At the Zacheta National Gallery of Art, I was taken aback by a highly publicized exhibit called "Black Alphabet ? conTEXTS of Contemporary African-American Art." A collaborative project of the Polish National Gallery and The Studio Museum in Harlem, the exhibit surveys the leading edge in work by African American artists. Some I readily recognized, such as Carrie Mae Weems who had a solo exhibit at Roanoke College last year. Others were vaguely familiar, while most were new to me. The range was representative of the American contemporary art scene, especially with regard to media ? installation, video, and found objects. The themes of violence and depravation as well as class and racial issues were painful. The celebration of black music and literature was a strong motif in this complex project.
The catalogue for "Black Alphabet" pays special tribute to one of our area's former neighbors: His Excellence Mr. Victor Ashe, the U.S. Ambassador to Poland, who was for many years the mayor of Knoxville, Tennessee. The Ambassador was so kind in inviting John Gaines, former mayor of Bristol, Tennessee, and my husband and me to the ambassador's residence. There we had an artistic surprise!
The Ambassador and his wife have chosen to decorate the residence with works of art by East Tennessee luminaries: glass artists Tommie Rush and Richard Jolley, sculptor and painter Jim Gray, fiber artist Betsy Wooden, and self-taught Smoky Mountains painter Ron Williams. Prominent in the house is an antique Tennessee quilt from Mrs. Ashe's family.
Public art in Warsaw is varied. Sculptures of a mermaid, the traditional symbol of Warsaw, are popular. (Legend attributes the city's name to a mermaid who asked lovers, Wars and Zawa, to found a city and call it Warszawa.) The mermaid is typically depicted with sword and shield, protecting her city on the shores of the Vistula River. Surviving from the 17th century is a bronze statue of an early ruler sitting atop a 72-foot-high column. In 1989, a monumental sculpture honoring the 1944 Warsaw Uprising was installed. In a major city park, formerly a Royal Garden, an impressive Chopin Memorial honoring Poland's best known composer (Frederic Chopin, 1810-49), was unveiled in 1929; destroyed under the Nazis; and after the war, recast and installed.

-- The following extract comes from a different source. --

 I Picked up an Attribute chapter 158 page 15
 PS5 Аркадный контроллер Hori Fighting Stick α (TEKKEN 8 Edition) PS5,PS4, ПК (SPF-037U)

Poland is a complicated land and its people filled with contradictions and challenges, especially as it reconciles church and state issues, the past symbolized by Auschwitz, and the future dominated by the challenges of democracy and a free market economy. Most inspiring is the evident vitality of art as a reflector and leader in every segment of society. Next month, I will share my impressions of Krakow, Poland, a UNESCO World Heritage Site and a repository of great art. Meanwhile, I extend heartfelt wishes for a healthy, art-filled holiday season.
An Art Deco monument honors composer Frederic Chopin.